Двадцатый век Натальи Храмцовой - страница 15




– 1919-й год. Маруся заболела тифом. А поскольку питание было отвратительное, она просто заболела скоротечной чахоткой. И умерла в несколько месяцев – даже полугода не прошло. В таких случаях говорят: сгорела.

Мой старший брат Вадька родился в 1920 году, в марте месяце. Маруся умерла в 21-м. А в 1923-м папа женился на моей маме, учительнице Александре Фёдоровне Благовидовой.

Потом, уже взрослой, я спрашивала папу, разглядывая его фотографию времён НЭПа, где он в каракулевой шапке, отъевшийся: «А какое настроение было, когда ты стал таким толстым?» – «Ты знаешь, жить стало намного легче и спокойнее. Но люди перестали гореть. А раньше они горели». – «И ты горел?» – «А как же?» – «Ты мне, пап, про Швера много рассказывал. И Швер горел?» – «Он-то больше меня!»

Я родилась в 1927-м. У меня потом сложилось такое впечатление, что я им была не сильно нужна. Они явно не торопились с моим рождением: Вадька был, а зачем в доме ещё одно существо? Это я говорю без обиды, понимаю их в этом отношении. А конец 27-го года – уже можно было – началась вполне спокойная жизнь.

Мама, правда, говорила, что она меня и взять-то не умела, она меня как портфель – под мышку брала.

Но у бедного Вадьки судьба была трудная. Мама часто была им недовольна. У неё был характер жёсткий, а Вадька мальчишка. Да ещё немножко его натравливала на маму папина родня – он у них подолгу жил – у тёток.

А меня любили все. Мужики – совершенно загадочные существа. (Не знаю, как было в вашей семье). Мужчины хотят непременно мальчика, сына. Ладно. Дальше рождается девочка – девочку любят больше, чем сына. У папы было именно так.
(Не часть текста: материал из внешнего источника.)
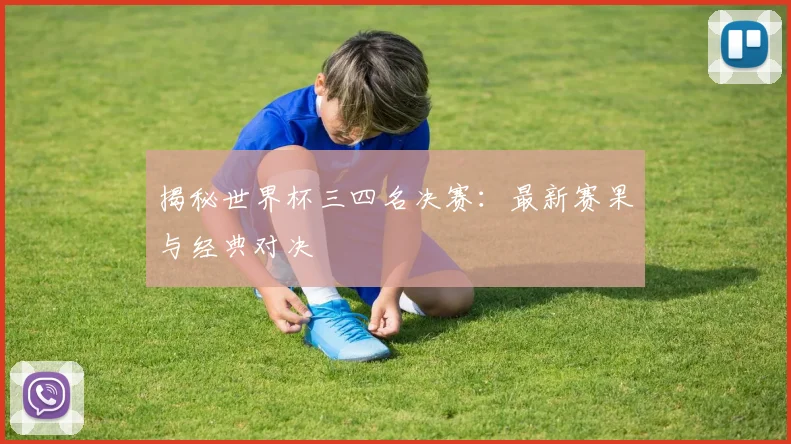 揭秘世界杯三四名决赛：最新赛果与经典对决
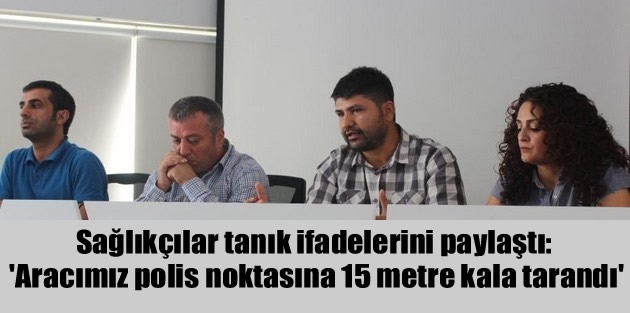 Sağlıkçılar tanık ifadelerini paylaştı: 'Aracımız polis noktasına 15 metre kala tarandı'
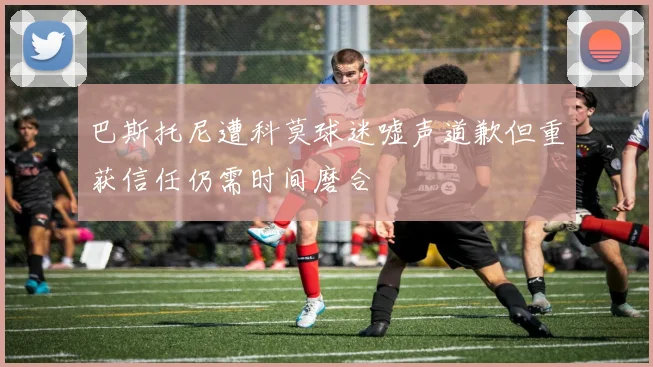 巴斯托尼遭科莫球迷嘘声道歉但重获信任仍需时间磨合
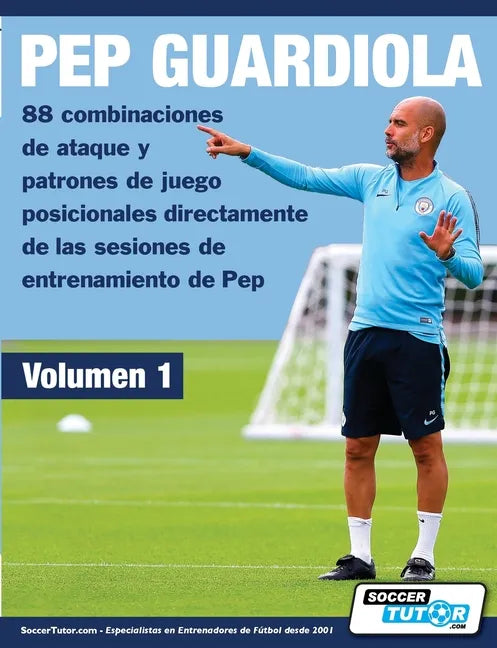 PEP GUARDIOLA - 88 combinaciones de ataque y patrones de juego posicionales directamente de las sesiones de entrenamiento de Pep - Paperback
Папа примерно год работал редактором газеты в Мелекессе. (Мама была серьёзной женщиной и понимала, что папу одного отпускать никуда нельзя, и мы уехали туда всей семьёй). В газете были коммунистически настроенные энтузиасты-ребята, неграмотные, но очень хотевшие учиться.
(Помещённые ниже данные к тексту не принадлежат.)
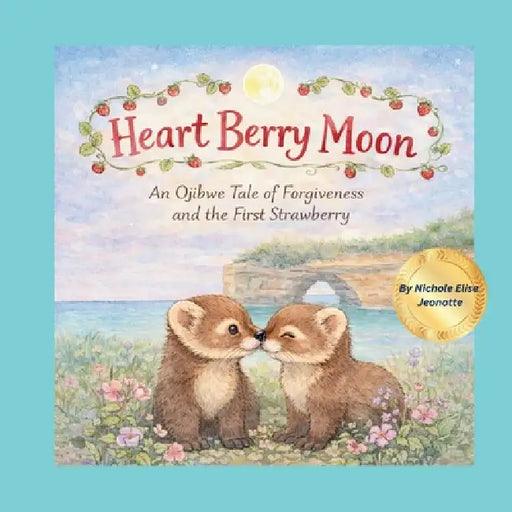 Heart Berry Moon: A Native Tale of Forgiveness and the First Strawberry by Nichole Elise Jeonotte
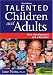Book Talented Children and Adults: Their Development and Education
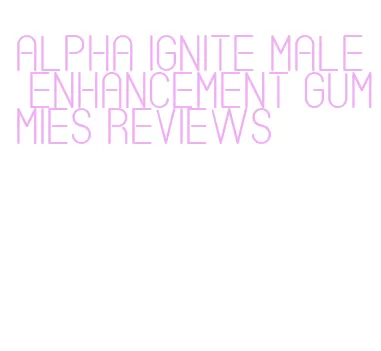 alpha ignite male enhancement gummies reviews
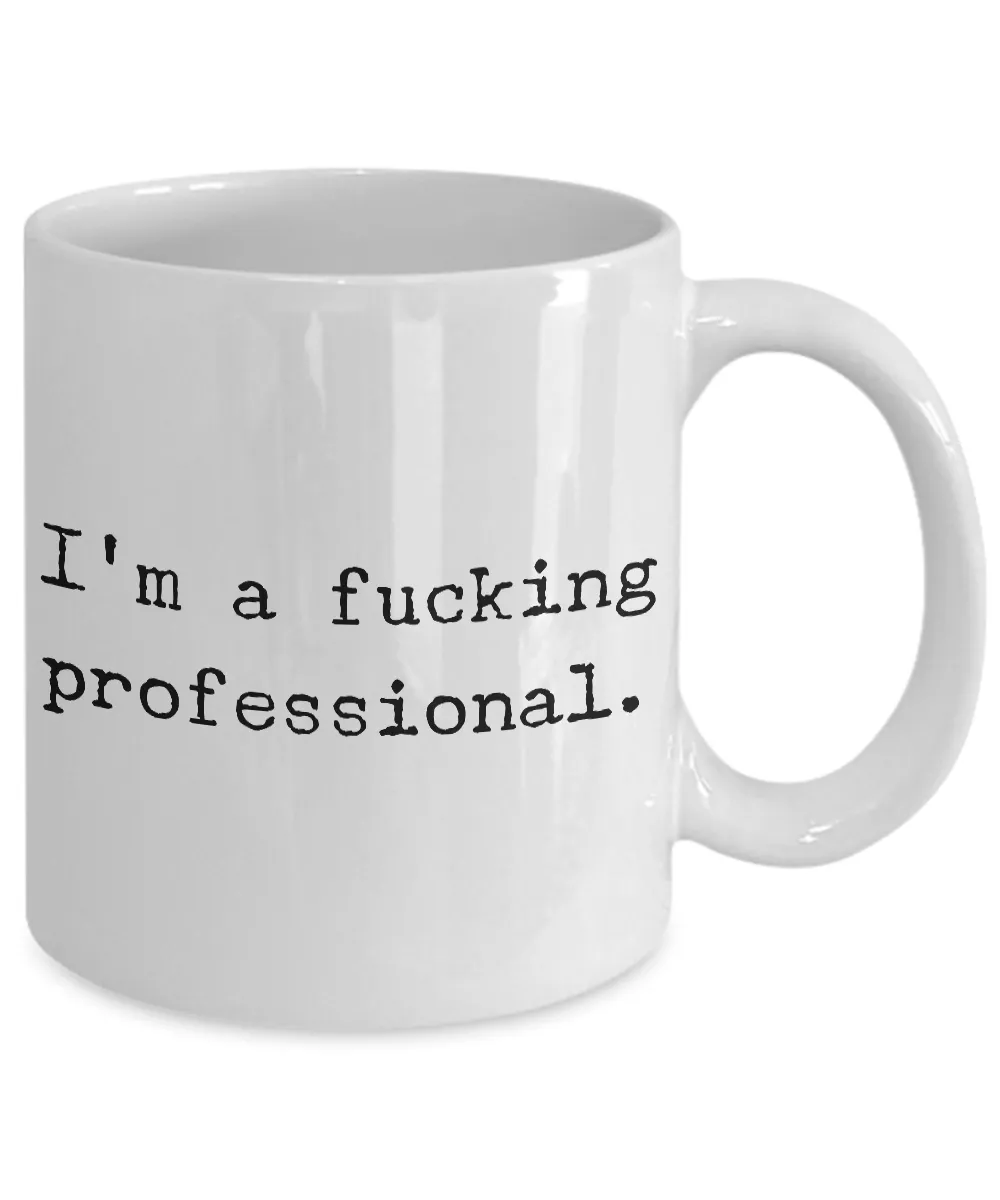 I'm a Fucking Professional Mug Ceramic Coffee Cup for the Office Coworker Gift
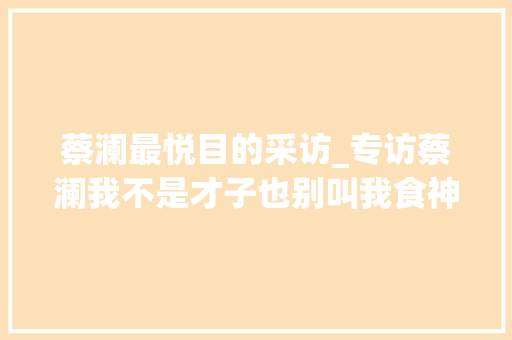 蔡澜最悦目的采访_专访蔡澜我不是才子也别叫我食神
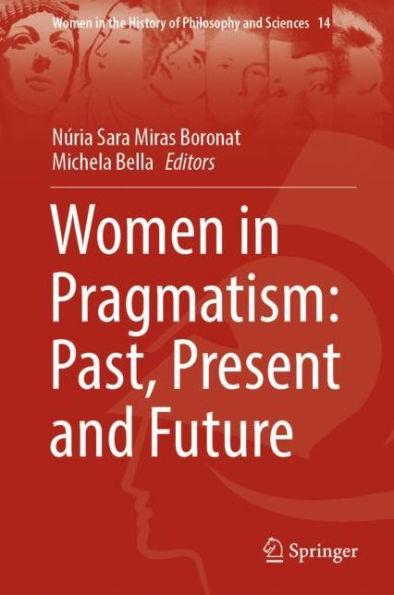 Women in Pragmatism: Past, Present and Future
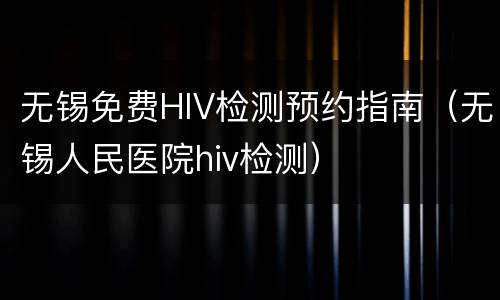 无锡免费HIV检测预约指南（无锡人民医院hiv检测）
Папа их «мучил и жучил» как мог. И в конце концов, они ему выдали стихотворение после того, как его за ногу тяпнула собака:

Средь народа ходят толки

И упорная молва:

Шеф искусан на прогулке

Сворой бешенных собак.


Впрочем, это, братцы, враки.

Ведь в народе слух идёт:

Не редактора собаки,

А совсем наоборот!


Папа любил рассказывать это стихотворение и страшно хвалил его авторов. «Вы молодцы! Здесь есть как раз та лёгкость, какая и должна быть в сатире!»
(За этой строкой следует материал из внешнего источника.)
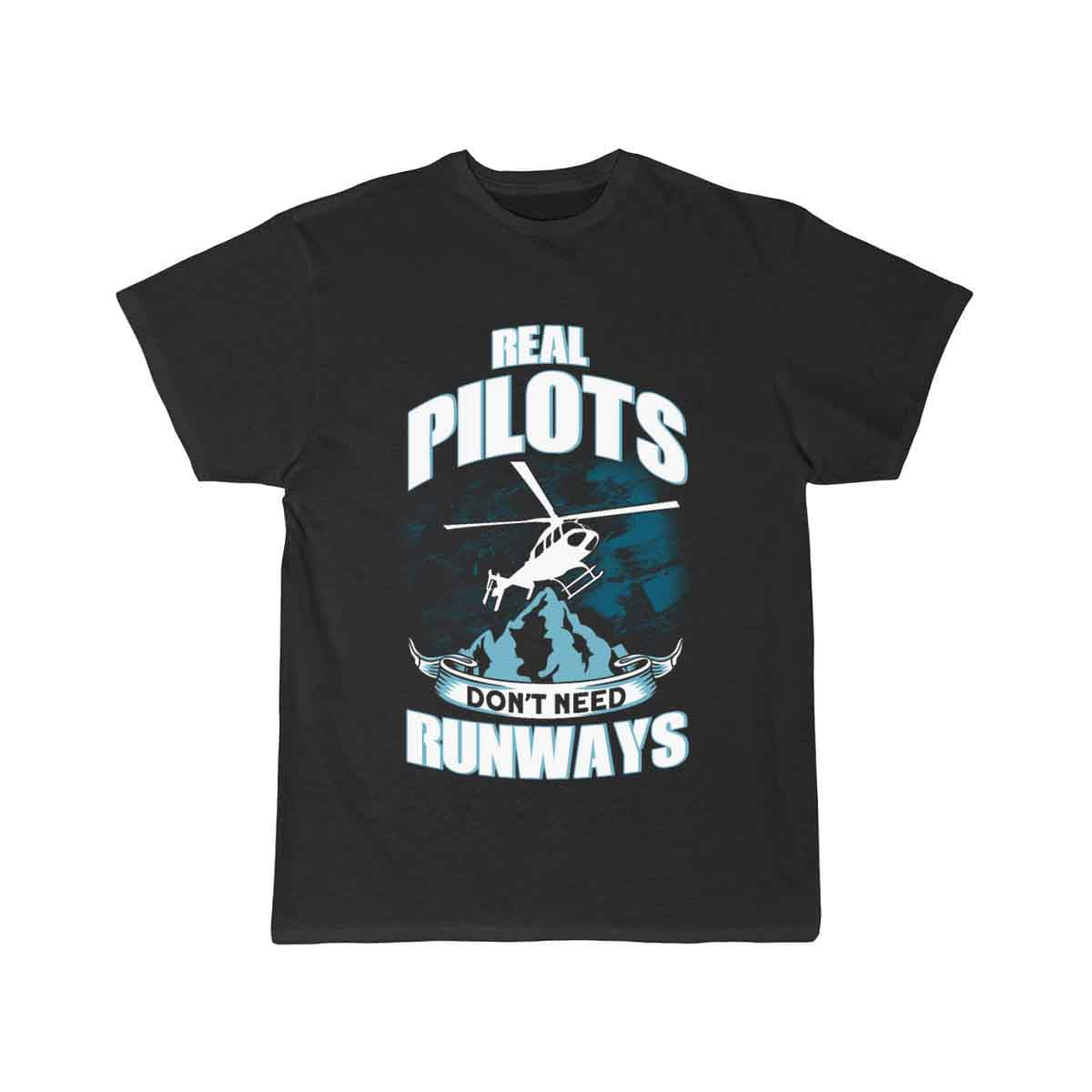 Real Pilots Don't Need Runways T-SHIRT THE AV8R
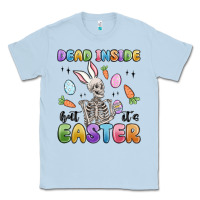Dusty Blue dead inside but it's easter Classic Tee - MaliasSmallBusiness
Однажды папа уехал в Самару на турнир Поволжья по шахматам. Прислал маме телеграмму. Я так и не узнала, озорство это было или правдивая история, но мама чуть не упала в обморок. Папа писал: «За первое место дают корову, за второе – козу, за третье – поросёнка. Рассчитываю на первый приз». В 20-е годы такие призы вполне могли быть. «Что же мы будем делать с коровой?» – думала мама. Но папа за победу привёз деньги.

Маму сделали директором 7-й школы, и там ей дали служебную квартиру. Но когда я изволила родиться, то мама с директорского поста ушла. Потому что это «сокровище» надо было воспитывать. И вот тогда, в 1930 году, папе дали две комнаты в коммуналке. Сначала это была коммуналка просторная, а потом там накопилось народу много.


На примере нашей квартиры я размышляю о том, как менялось население Симбирска-Ульяновска. Гражданская война – бежали дворяне, купечество. Очень тихо проживал слой, который не хочется называть мещанами. Обыватели – в хорошем смысле этого слова. Они оставались, вполне приспособившись к советской власти.